Ben Nevis 21yo 1992/2013 (46%, The Ultimate, Sherry Butt #2312, 695 bottles)Color: Light gold, with a slight pink hue

Nose: Yeah, now we’re talking. Fatty, buttery, vanilla and fruity. Lots happening and everything seems to fit together quite nicely. Fantastic fruitiness, all sorts of mixed up fruits, red, black and yellow fruits. Almost impossible to discern any of them. Caramel, mocha and strawberry combined with sweat. The wood shows itself here as nutty. Yes this is very special. Do I detect some old school Whisky here?

Taste: Sweet but also a little bit acidic. Very appetizing. Some burnt notes and quite spicy without it being woody. Marzipan and again lots of fruits with some nuts. Highly complex, and I’m imagining this amount of flavor and its complexity might not be for everyone. Hints of smoke, and it has a curiously hidden sweetness to it. Maybe its high in fruits that it only seems to be sweet. Pure enjoyment. Is it without flaws than? Yep this Whisky suffers a bit from a weak finish. Everything that is so well-balanced in this Whisky is absent from the finish. It has some power but after the big body, the finish is a bit weak, and missing some of the big flavors that were so apparent in the body. But hey, this to me is still a pretty good Whisky.

I have to admit, I love Ben Nevis. Most of the times I encounter one, albeit blind or not, I seem to like it. It has characteristics I do like personally. I rated a full bottle of this 86 Points. This review is written about the last drops from the bottle. It is excellent and since I’m going to score this even higher, I’d say this needs some air people.

Points: 88


Ben Nevis 1986/2012 (58.2%, The House of MacDuff, The Golden Cask, CM 188, 111 bottles)

Here are a few firsts, and on paper a quite interesting one to boot. This is the first Ben Nevis on these pages. It’s also the first time I’m reviewing a Whisky that was bottled by The House of MacDuff. Now for the interesting part. Some of you might have read “Wort, worms & washbacks” The memoirs of John McDougall written by Gavin D. Smith. By the way, Gavin was “reviewed” once before, so he’s no first. The House of MacDuff is a venture of Jane MacDuff ánd John McDougall. John also picks the casks for bottling under the Golden Cask brand. For those of you who haven’t read this book, well it’s utterly entertaining and very funny. Recommended. John has worked at a lot of very interesting distilleries in all Scottish regions, so I’m assuming that all picks by John just have to be great. I got a few samples from the series, and I’ll start with this Ben Nevis from 1986.

Color: Pinkish gold

Nose: Fresh, sharp and fruity sweet. Black tea (dry leaves). Nice bourbon cask not dissimilar from the Cadenhead offerings (Bourbon Barrels). Warm apple sauce and quite thick. Condensed sweet apple. Not a lot of wood, but there seems to be enough vanillin going around in this. Sawdust. Slightly vegetal too. Hints only of ethanol.
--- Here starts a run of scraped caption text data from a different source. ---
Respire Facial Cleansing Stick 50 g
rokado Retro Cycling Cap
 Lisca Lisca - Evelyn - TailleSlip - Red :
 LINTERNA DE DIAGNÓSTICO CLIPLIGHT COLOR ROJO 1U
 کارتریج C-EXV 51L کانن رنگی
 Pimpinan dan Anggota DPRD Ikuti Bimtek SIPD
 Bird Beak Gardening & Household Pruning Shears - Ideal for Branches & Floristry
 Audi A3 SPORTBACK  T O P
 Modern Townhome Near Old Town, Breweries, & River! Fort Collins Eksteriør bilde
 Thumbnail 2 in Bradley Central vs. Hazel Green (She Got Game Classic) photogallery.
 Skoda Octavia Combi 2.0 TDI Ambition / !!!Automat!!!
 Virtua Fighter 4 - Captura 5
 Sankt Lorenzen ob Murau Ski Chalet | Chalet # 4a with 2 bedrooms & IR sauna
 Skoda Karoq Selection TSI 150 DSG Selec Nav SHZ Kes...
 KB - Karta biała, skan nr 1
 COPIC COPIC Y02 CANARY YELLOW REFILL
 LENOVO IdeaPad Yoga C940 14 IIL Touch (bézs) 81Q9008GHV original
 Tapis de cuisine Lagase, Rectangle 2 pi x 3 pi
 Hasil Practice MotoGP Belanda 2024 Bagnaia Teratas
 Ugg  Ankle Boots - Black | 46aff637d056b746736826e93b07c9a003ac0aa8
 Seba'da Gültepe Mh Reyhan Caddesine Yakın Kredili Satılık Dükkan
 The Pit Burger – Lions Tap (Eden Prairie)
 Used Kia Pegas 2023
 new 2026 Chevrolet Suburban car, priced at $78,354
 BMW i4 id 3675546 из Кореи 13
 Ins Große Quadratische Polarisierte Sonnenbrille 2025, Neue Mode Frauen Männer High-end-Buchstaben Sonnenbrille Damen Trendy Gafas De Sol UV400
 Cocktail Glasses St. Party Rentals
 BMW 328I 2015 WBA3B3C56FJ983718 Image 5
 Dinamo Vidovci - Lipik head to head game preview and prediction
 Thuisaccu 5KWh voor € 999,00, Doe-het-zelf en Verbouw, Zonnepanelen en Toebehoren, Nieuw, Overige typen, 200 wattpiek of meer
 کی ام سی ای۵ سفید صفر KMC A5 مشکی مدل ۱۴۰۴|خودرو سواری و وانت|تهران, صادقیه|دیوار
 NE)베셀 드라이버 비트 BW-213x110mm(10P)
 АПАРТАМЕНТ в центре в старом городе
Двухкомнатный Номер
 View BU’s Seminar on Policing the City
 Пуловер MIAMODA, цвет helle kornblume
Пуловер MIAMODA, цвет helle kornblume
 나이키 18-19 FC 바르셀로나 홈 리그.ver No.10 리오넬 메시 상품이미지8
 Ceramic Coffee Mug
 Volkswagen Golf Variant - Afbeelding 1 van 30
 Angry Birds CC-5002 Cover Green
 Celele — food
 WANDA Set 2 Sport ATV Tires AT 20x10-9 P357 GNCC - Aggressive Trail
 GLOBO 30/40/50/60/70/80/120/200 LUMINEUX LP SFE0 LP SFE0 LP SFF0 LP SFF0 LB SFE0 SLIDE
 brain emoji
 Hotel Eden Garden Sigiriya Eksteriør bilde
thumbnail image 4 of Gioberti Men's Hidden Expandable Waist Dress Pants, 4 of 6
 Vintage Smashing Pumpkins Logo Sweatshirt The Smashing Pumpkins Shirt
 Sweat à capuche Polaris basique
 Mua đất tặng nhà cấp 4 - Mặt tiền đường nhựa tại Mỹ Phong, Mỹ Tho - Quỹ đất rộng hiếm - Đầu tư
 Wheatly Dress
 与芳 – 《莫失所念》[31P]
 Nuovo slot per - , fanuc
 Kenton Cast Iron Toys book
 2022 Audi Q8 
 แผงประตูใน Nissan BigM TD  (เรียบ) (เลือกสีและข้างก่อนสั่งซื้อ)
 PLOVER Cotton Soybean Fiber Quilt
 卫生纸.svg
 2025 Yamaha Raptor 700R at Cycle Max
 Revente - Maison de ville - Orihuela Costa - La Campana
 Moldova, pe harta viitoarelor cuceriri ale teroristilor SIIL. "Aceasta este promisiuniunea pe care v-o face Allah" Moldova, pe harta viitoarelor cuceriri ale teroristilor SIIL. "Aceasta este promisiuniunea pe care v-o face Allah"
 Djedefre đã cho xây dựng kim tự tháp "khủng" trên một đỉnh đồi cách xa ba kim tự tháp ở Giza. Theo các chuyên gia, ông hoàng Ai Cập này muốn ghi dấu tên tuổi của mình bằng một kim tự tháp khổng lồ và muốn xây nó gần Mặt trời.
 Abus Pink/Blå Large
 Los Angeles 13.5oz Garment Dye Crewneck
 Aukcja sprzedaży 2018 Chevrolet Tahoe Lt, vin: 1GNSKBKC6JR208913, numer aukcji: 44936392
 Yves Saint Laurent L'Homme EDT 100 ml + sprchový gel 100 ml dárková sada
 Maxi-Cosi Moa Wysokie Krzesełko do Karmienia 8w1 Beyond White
Taste: Sweet, vegetal and slightly woody (multiplex). Quite full and round (sweet) mouthfeel. This is not bad, not very complex but very likeable. Taste is pretty balanced, for me it just goes a bit wrong in the finish. Slightly acidic and the vegetal part (fern) starts to play a larger role. Also, but very late, comes in some bitterness from the wood. Fern with the sweetness, and the slight bitterness, is maybe a strange combination, but hey it’s only part of the finish, so don’t worry.

The Golden Cask don’t disclose all the facts of the cask, but this is probably a Bourbon Barrel. This bottling has yielded 111 bottles, so I’m guessing the cask was shared and this is only half the output from the cask. The second half was probably bottled for the Whiskymesse Rüsselsheim. That bottling yielded 100 bottles. 100 bottles of whisky on the wall, was probably the original order with The Golden Cask buying the rest of barrel #133. Therefore this Ben Nevis should also be 26yo.